# Language Modeling using OpenGRM: Solutions

- Natural Language Understanding
- Evgeny A. Stepanov
- stepanov.evgeny.a@gmail.com

This notebook covers Lecture on __Sequence and Language Modeling__ using OpenFST and OpenGRM NGram Library.

__Requirements__

- [OpenFST](http://www.openfst.org/twiki/bin/view/FST/WebHome)
- [OpenGRM](http://www.opengrm.org/twiki/bin/view/GRM/NGramLibrary)
- [NL2SparQL4NLU](https://github.com/esrel/NL2SparQL4NLU) dataset

## Exercises

- Read Tool Manuals (for available tools and their options; they start with `far`, `ngram` and `fst`)

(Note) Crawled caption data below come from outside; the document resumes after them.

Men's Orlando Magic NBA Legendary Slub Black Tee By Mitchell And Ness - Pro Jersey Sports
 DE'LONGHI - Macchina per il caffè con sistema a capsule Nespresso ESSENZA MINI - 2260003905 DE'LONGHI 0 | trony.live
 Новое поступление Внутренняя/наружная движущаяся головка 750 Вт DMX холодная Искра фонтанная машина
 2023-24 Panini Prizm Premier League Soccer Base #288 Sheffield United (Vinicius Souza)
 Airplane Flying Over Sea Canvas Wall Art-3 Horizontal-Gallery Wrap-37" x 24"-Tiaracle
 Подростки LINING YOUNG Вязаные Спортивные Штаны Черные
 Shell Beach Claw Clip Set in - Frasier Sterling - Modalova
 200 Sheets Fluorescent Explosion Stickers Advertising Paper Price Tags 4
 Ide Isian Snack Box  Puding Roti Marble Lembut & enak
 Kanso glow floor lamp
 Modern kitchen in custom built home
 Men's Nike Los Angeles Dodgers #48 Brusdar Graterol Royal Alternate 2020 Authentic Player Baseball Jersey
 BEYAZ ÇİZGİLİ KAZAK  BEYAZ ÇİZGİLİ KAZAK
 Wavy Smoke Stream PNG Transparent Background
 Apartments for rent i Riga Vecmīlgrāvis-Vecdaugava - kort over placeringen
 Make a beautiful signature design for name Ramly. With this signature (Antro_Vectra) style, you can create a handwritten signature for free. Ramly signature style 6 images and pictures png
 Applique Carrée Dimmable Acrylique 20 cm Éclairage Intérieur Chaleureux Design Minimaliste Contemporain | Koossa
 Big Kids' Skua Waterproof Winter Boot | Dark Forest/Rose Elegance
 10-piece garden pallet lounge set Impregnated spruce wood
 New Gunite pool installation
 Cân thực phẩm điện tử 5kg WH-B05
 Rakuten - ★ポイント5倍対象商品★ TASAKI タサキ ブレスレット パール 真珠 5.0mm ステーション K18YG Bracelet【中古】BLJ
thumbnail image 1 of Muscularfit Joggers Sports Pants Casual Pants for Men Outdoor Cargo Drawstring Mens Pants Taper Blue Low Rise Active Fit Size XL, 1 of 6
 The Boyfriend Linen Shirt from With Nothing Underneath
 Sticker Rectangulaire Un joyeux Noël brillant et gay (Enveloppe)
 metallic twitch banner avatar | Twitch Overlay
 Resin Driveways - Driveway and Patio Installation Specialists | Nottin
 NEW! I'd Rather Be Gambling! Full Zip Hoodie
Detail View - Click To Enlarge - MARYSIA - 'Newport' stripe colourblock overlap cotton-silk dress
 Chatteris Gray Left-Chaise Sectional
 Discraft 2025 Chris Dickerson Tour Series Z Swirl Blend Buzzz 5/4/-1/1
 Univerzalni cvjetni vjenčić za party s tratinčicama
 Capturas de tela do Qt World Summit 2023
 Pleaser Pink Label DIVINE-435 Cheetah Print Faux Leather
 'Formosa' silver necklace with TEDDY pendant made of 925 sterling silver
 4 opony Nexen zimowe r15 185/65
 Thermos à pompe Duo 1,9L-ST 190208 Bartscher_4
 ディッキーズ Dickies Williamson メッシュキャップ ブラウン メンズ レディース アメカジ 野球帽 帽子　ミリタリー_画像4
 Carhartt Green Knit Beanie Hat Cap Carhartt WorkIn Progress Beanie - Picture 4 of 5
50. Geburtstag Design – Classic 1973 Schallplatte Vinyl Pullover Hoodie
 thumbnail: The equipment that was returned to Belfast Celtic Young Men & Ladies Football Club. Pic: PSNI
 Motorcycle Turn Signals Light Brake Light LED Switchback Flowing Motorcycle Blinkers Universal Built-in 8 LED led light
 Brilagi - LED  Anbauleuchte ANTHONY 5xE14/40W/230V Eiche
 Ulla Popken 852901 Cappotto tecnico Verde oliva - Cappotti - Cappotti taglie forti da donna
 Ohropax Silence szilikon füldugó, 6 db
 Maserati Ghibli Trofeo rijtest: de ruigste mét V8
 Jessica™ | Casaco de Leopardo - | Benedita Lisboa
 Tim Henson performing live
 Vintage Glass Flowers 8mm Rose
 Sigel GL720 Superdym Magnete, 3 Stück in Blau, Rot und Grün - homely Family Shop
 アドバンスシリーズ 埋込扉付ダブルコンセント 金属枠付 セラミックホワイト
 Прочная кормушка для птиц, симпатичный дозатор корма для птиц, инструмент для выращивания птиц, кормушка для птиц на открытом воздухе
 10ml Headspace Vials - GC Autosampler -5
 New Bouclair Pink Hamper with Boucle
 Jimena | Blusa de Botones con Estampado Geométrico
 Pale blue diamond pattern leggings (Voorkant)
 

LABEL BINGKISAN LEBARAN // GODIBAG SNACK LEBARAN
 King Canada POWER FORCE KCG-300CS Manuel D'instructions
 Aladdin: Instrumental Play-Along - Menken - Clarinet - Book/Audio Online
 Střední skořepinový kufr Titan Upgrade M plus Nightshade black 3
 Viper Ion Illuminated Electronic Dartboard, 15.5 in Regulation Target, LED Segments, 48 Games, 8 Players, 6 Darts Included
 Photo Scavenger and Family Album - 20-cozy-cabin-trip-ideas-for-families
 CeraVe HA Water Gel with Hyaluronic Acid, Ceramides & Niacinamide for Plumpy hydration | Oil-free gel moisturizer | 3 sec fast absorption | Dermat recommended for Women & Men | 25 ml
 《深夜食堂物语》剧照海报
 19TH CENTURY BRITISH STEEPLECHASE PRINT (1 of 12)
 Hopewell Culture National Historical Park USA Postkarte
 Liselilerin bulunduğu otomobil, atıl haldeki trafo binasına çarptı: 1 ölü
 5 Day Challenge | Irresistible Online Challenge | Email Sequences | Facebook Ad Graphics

- Preprocess training and test sets using [corpus and lexicon preprocessing functions](corpus_pp_python.ipynb) to:
    - add sentence begin & end tags
    - handle unknown words (e.g. frequency cut-off)
    
- Convert corpus and lexicon to OpenGRM format

- Train different language models (LM) on the training set of `NL2SparQL4NLU` using OpenGRM NGram Library

    - vary n-gram order
    - vary smoothing
    - compute LM perplexity on the test set

- Report order & smoothing method with lowest perplexity

- Compute score for utterances in the test set
- Compare score to the ones computed manually


### OpenGRM Corpus Pre-processing & Lexicon Generation

OpenGRM requires lexicon and corpus to be in a specific formats, and provides tools for:

- Automatic lexicon extraction from corpus (`ngramsymbols`)
- Compilation of text into FAR
    - option to replace OOV (`farcompilestrings --unknown_symbol`)


In [1]:
%%bash
fname=NL2SparQL4NLU
trn=$fname.trn.data
tst=$fname.tst.data

# create lexicon in the required format
ngramsymbols < $trn > $fname.lex

# complile training set into FAR, replacing OOV with '<unk>'
# already done externally, but in case you have modified lexicon, this is the command
farcompilestrings --unknown_symbol="<unk>" --symbols=$fname.lex -keep_symbols=1 $trn > $fname.trn.far 

# compile test set into FAR, replacing OOV with '<unk>'
farcompilestrings --unknown_symbol="<unk>" --symbols=$fname.lex -keep_symbols=1 $tst > $fname.tst.far

### Ngram Counting & Language Model Training

- Modify `--method` and `--order` to vary *smoothing* and *ngram order*

In [2]:
%%bash
fname=NL2SparQL4NLU

# counts ngrams
ngramcount --order=3 $fname.trn.far > $fname.trn.counts
# make LM 
ngrammake --method=katz $fname.trn.counts > $fname.lm

# compute perplexity on the test set (ignore warnings)
ngramperplexity $fname.lm $fname.tst.far

1084 sentences, 9285 words, 0 OOVs
logprob(base 10)= -10556.3;  perplexity = 10.4247





### Scoring Test Set

In [3]:
%%bash
fname=NL2SparQL4NLU
# apply LM
ngramapply $fname.lm $fname.tst.far $fname.tst.out.far

### Printing Scored Output

In [4]:
%%bash
fname=NL2SparQL4NLU
# print strings with weights
farprintstrings --print_weight $fname.tst.out.far | head -n 10

<s> star of <unk> </s>	11.3299
<s> who is in the movie the campaign </s>	13.7932
<s> list the cast of the movie the campaign </s>	19.1071
<s> who was in twilight </s>	13.3456
<s> who is in <unk> </s>	10.052
<s> actor from lost </s>	19.9336
<s> who played in the movie rocky </s>	24.6591
<s> who played in the movie captain america </s>	19.2894
<s> cast and crew for in july </s>	11.7449
<s> who is in movie in july </s>	12.5787